Comparative Analysis of One-Dimensional Features and Multi-Dimensional Features
It can be seen from the prediction results of adding multi-dimensional features, that for the prediction of vitamin C content, the model has the best effect when it was added to the twelfth power; for the prediction of soluble solids, the model was optimal when added to the third power, and the accuracy of the model was reduced by adding too many features. Combined with the multi-dimensional feature correlation analysis, it can be seen that when the model achieves the optimal effect, the correlation both fluctuates.
Under the premise of considering the influence of parameters on the accuracy of the model, the model parameters of one-dimensional and adding multi-dimensional features were optimised respectively, and then the comparison of the predicted results was carried out.

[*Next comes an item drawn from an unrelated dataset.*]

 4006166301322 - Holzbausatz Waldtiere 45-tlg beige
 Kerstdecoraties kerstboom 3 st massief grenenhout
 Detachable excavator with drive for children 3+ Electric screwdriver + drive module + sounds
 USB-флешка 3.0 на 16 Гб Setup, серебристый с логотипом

As can be seen from synthesising the prediction results of the one-dimensional features and multi-dimensional features, when vitamin C content was predicted by hardness, the R2 obtained by the Stacking ensemble model based on the one-dimensional features were 0.875, RMSE is 0.263, MAE is 0.199, the R2 obtained by Stacking ensemble based on adding multi-dimensional features were 0.890, which is 0.015 higher than that of one-dimensional features, RMSE is 0.250, which is 0.013 lower than that of one-dimensional feature, MAE is 0.191, which is 0.008 lower than that of one-dimensional features;when soluble solids content was predicted by hardness, the R2 obtained by the Stacking ensemble model based on one-dimensional features were 0.873, the RMSE was 0.250, MAE is 0.194, the R2 obtained by Stacking ensemble based on adding multi-dimensional features were 0.889, which is 0.016 higher than the one-dimensional feature, RMSE is 0.232, which is 0.018 lower than that of the one-dimensional features, MAE is 0.181, which is 0.013 lower than that of one-dimensional features.